I recently attended my first homeowners’ association meeting as a new resident of an over-55 community. Because of the pandemic it was conducted online via Zoom. It worked pretty well once participants were reminded to mute their microphones when they were not talking, and I enjoyed seeing my neighbors peering into their computers.
One effect of the Coronavirus is that much of the population has developed a comfort level with videoconferencing, from informal Zoom meetings to TV talk shows that look like Hollywood Squares.
It’s been a long time coming.
I started using videoconferencing when I worked for Illinois Bell 50 years ago. The big-deal technology then was the Picturephone. AT&T and Bell Laboratories had invested untold millions to develop a Star Wars-looking desktop box that housed a video camera and a five-inch, black-and-white TV screen. Someday every home will have one, we were told. It was a fun gadget but a little hard to take seriously.
The company equipped a conference room with a Picturephone in front of each person. In my first Picturephone meeting, with a few friendly colleagues in Chicago and New York, I had just walked into the building on a subzero February morning and kept my ski mask on for the first few minutes.
When a major company tried out the Picturephone in its Chicago headquarters, a few employees punked their colleagues by holding a photo of the CEO in front of the camera. We often wondered if the Picturephone would add a new dimension to the obscene phone call but that did not happen. As far as I know.

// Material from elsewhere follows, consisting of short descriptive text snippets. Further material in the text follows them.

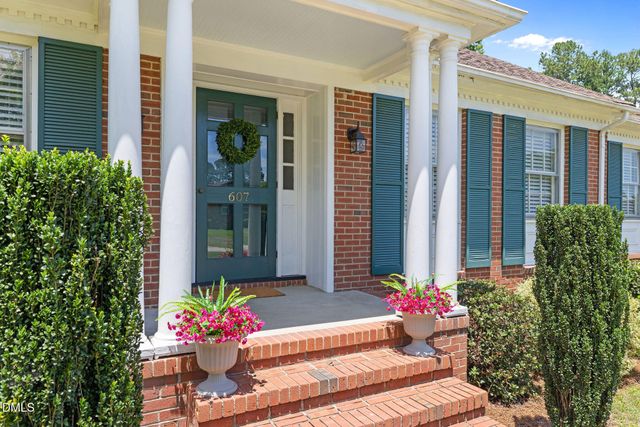 607 Gloucester Road, Goldsboro, NC 27534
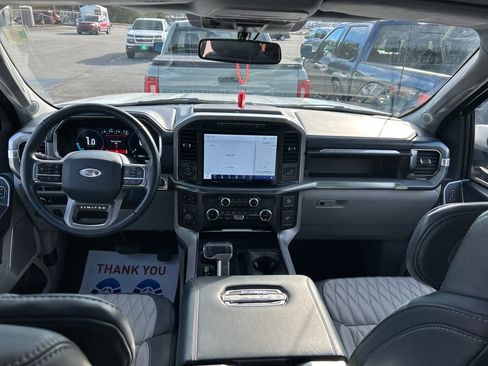 Used 2022 Ford F150 Limited image 14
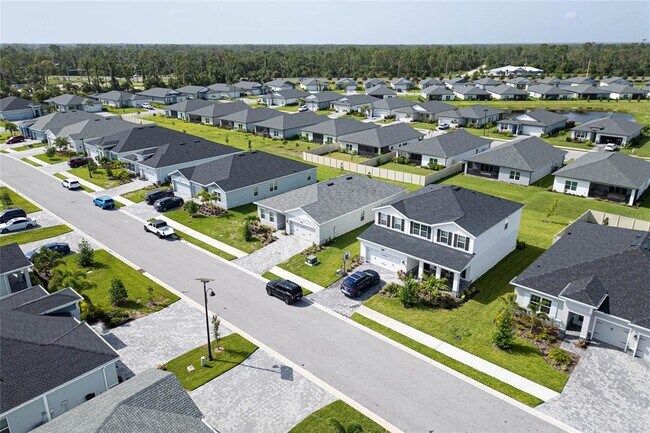 Building Photo - 16873 Castoro Dr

The Picturephone was a commercial disaster because it required more bandwidth than was practical for that era’s technology and was prohibitively expensive. For a number of years a few major companies used specially designed Picturephone conference rooms with big screens instead of Star Wars boxes. But the technology still was fragile: I once brought a reporter into our Picturephone conference center to interview a couple of executives in New York and was embarrassed when the video circuit went down.
The Internet finally made video conferencing feasible. In recent years I’ve participated in video meetings on a variety of Internet platforms. The technology mostly got in the way: The first half-hour of each meeting was spent in mutual tech support until everyone could see and hear one another.
A few years ago some of us went through a Skype phase, chatting online by video with friends and participating in meetings. I chatted with a former co-worker I had not seen in years and Skyped regularly with one of my cousins. Eventually the novelty wore off. I haven’t used Skype in a long time, and my cousin and I keep in touch on Facebook.
Zoom and other videoconferencing services probably will be a keeper after the pandemic abates as some people embrace working at home and distance learning. But I hope my homeowners’ association will return to in-person meetings. Maybe with refreshments.